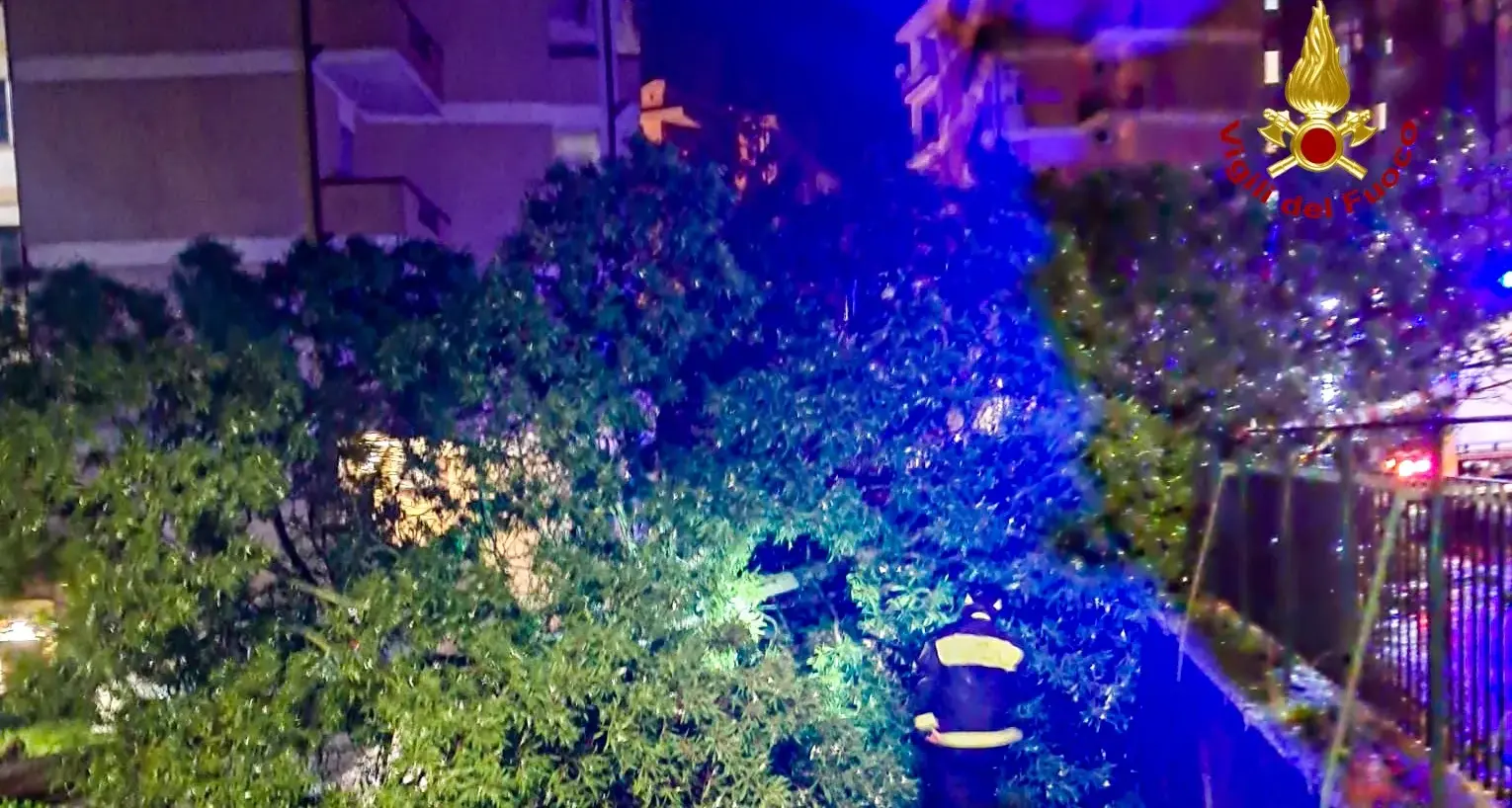 Allerta rossa in Sardegna: decine di interventi dei Vigili del fuoco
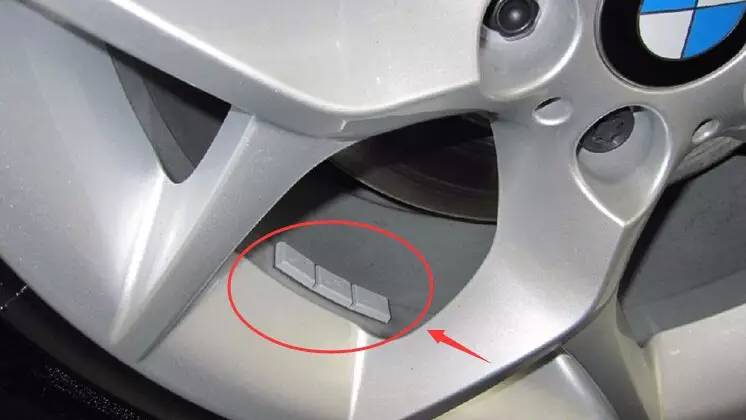 四轮定位和动平衡之间的区别,四轮定位和动平衡的区别在哪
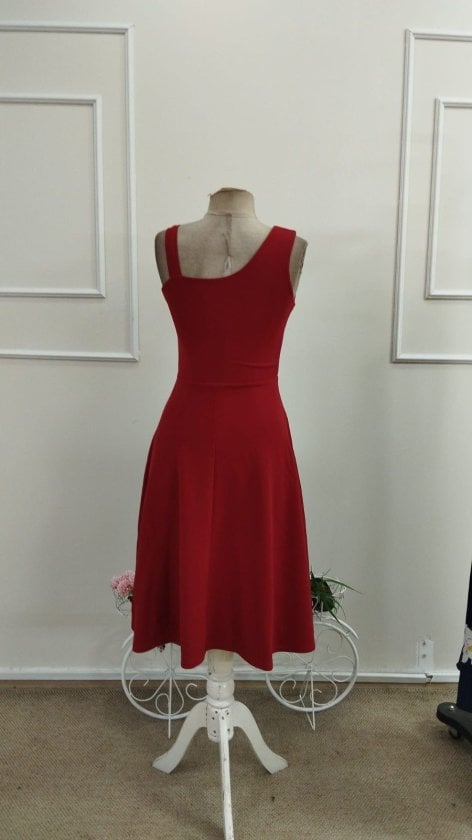 Women's Red Sleeveless Asymmetric Midi Dress with White Panel and Buttons - Janes - by Peralane - photo 6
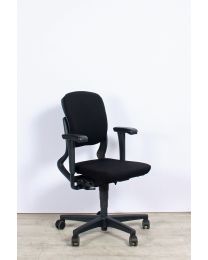 Ahrend 230 bureaustoel, EN1335, lage rug, zwart gestoffeerd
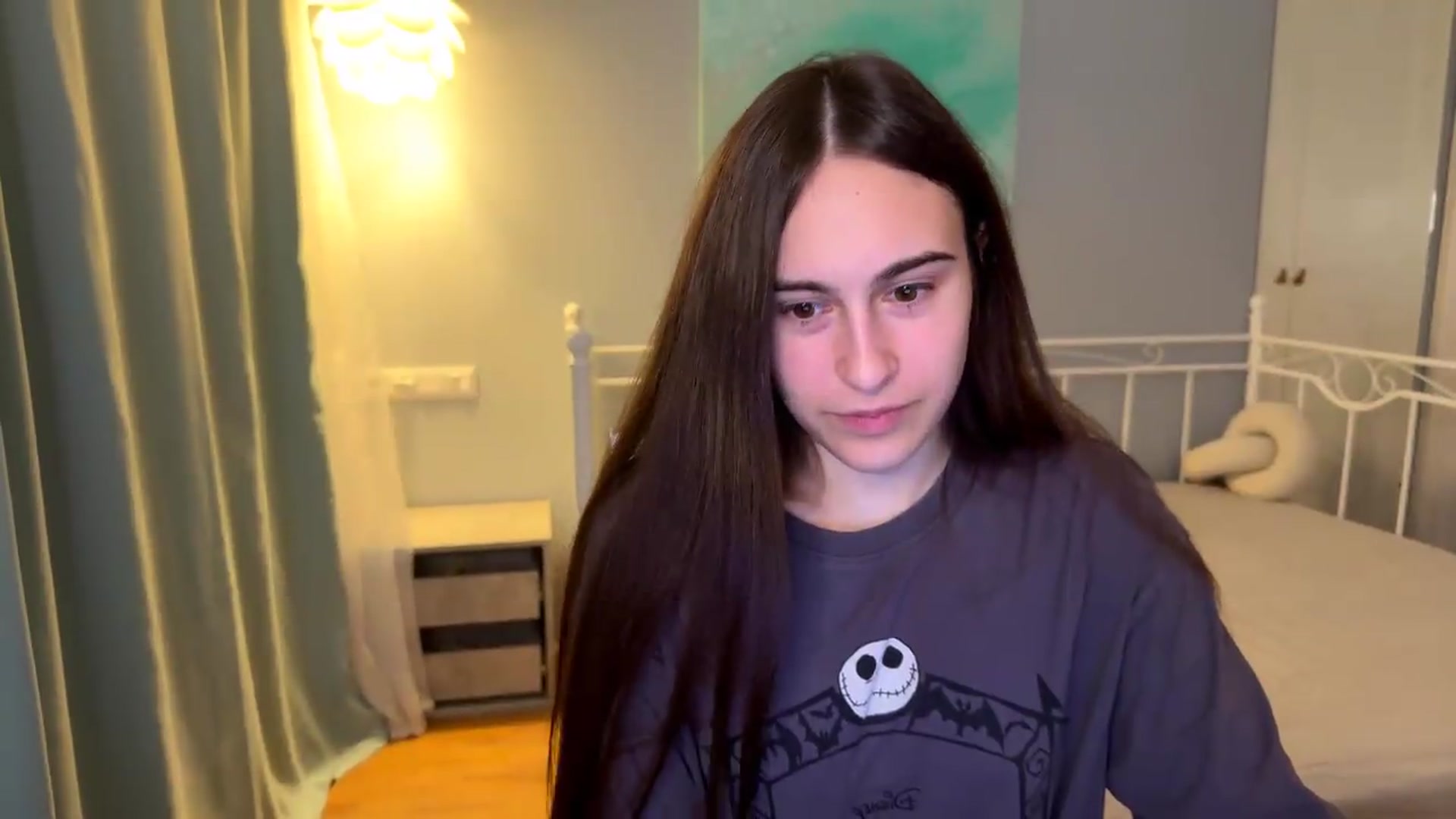 Gallery image thumbnail from ulohu's myfreecams stream on, 09/09/2026, 19:32 image 8 of 20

About this exercise: Leave the pictures out and set down the rest of the listing above exactly.

Output for this task:
 Allerta rossa in Sardegna: decine di interventi dei Vigili del fuoco
 四轮定位和动平衡之间的区别,四轮定位和动平衡的区别在哪
 Women's Red Sleeveless Asymmetric Midi Dress with White Panel and Buttons - Janes - by Peralane - photo 6
 Ahrend 230 bureaustoel, EN1335, lage rug, zwart gestoffeerd
 Gallery image thumbnail from ulohu's myfreecams stream on, 09/09/2026, 19:32 image 8 of 20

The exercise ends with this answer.